### Work required:
Please return every entry below exactly as written, without any of its pictures.
- - - - -
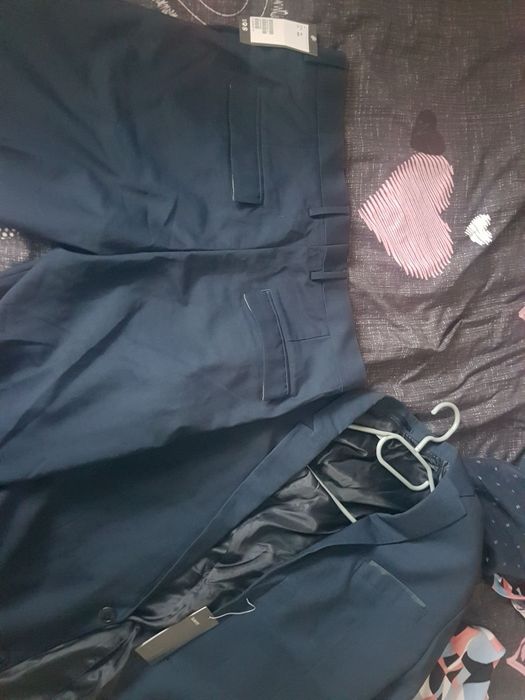 Nowy garnitur H&M nowy 185/112/92 Slimfit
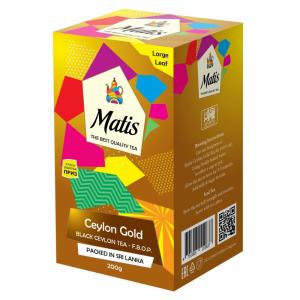Чай черный Matis Ceylon Gold F.B.O.P. 200г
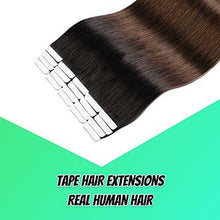 Load image into Gallery viewer, Tape in Hair Extensions Human Hair - 20 Pcs 50 Grams Wig Store
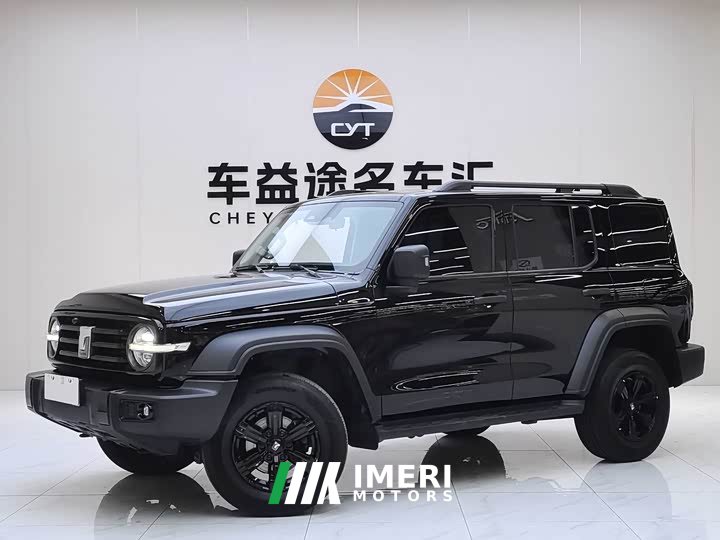 Tank 300 2021 Off-Road Version 2.0T Conqueror - автомобиль из Китая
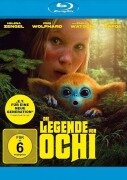 Cover-Bild zum Titel 'Die Legende von Ochi' von 'Isaiah Saxon, David Longstreth'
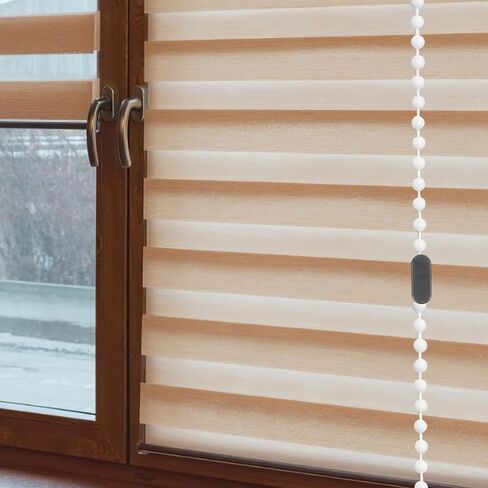 20 قطعة من موصلات سلسلة Healifty ذات الظل الدوار وسلسلة خرز بديلة رأسية رومانية دوارة أعمى سلسلة موصل سلك سلسلة ملحقات للمنزل باللون الأسود in Kuwait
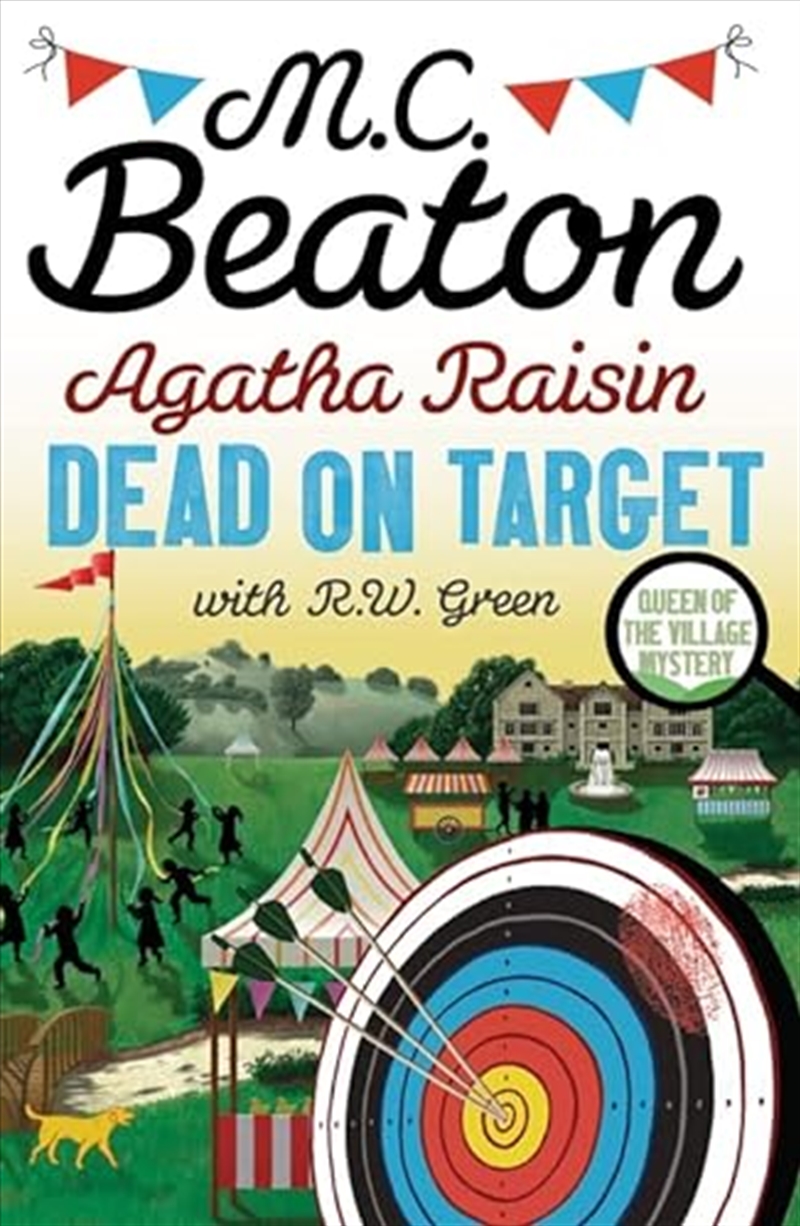 Agatha Raisin: Dead On Target (paperback)/Product Detail/Crime & Mystery Fiction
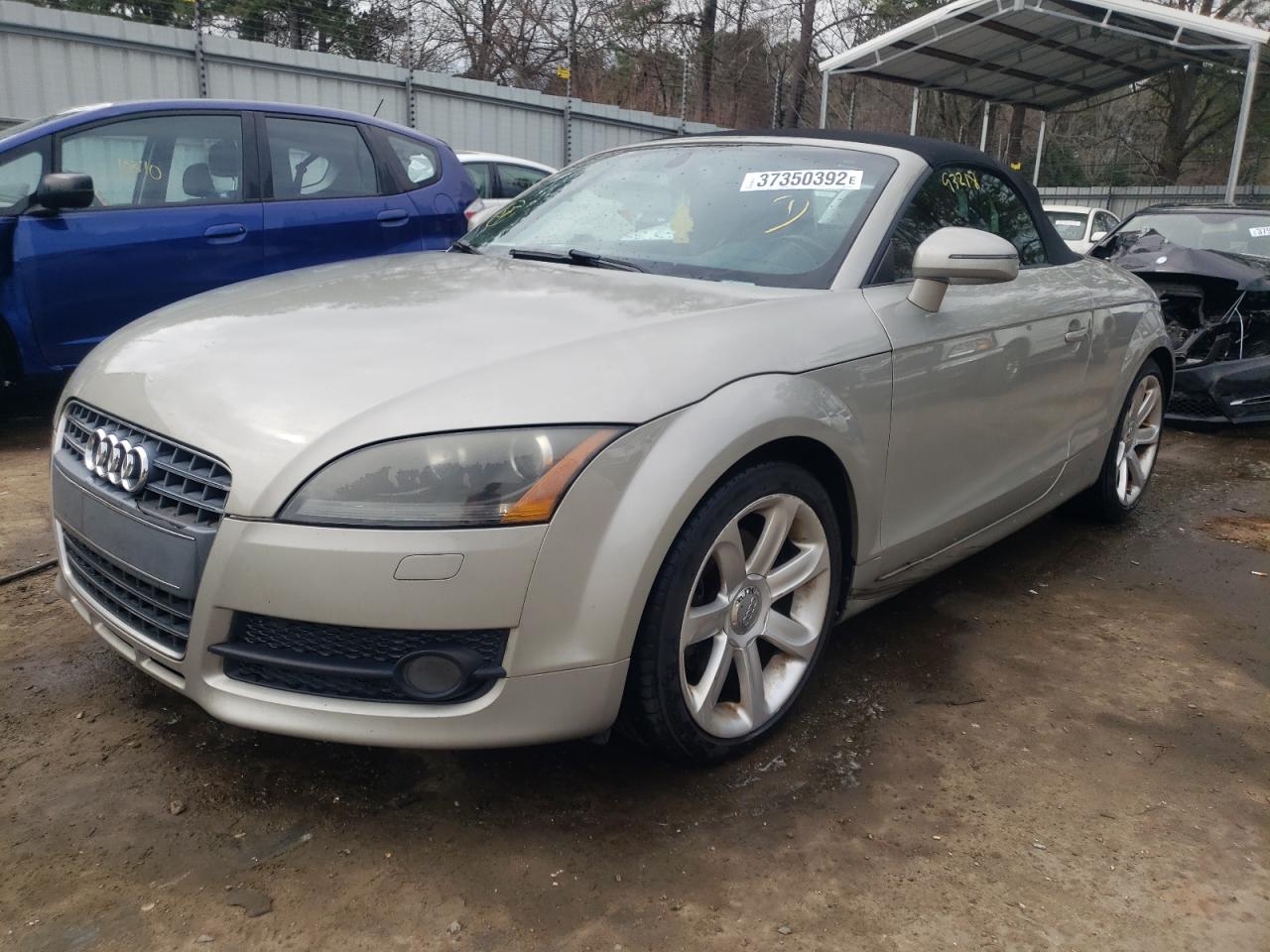 Photo 2 from auction – 2008 AUDI TT 2.0T with VIN TRUMF38J781031207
- - - - -
### Solution to the problem:
 Nowy garnitur H&M nowy 185/112/92 Slimfit
Чай черный Matis Ceylon Gold F.B.O.P. 200г
 Load image into Gallery viewer, Tape in Hair Extensions Human Hair - 20 Pcs 50 Grams Wig Store
 Tank 300 2021 Off-Road Version 2.0T Conqueror - автомобиль из Китая
 Cover-Bild zum Titel 'Die Legende von Ochi' von 'Isaiah Saxon, David Longstreth'
 20 قطعة من موصلات سلسلة Healifty ذات الظل الدوار وسلسلة خرز بديلة رأسية رومانية دوارة أعمى سلسلة موصل سلك سلسلة ملحقات للمنزل باللون الأسود in Kuwait
 Agatha Raisin: Dead On Target (paperback)/Product Detail/Crime & Mystery Fiction
 Photo 2 from auction – 2008 AUDI TT 2.0T with VIN TRUMF38J781031207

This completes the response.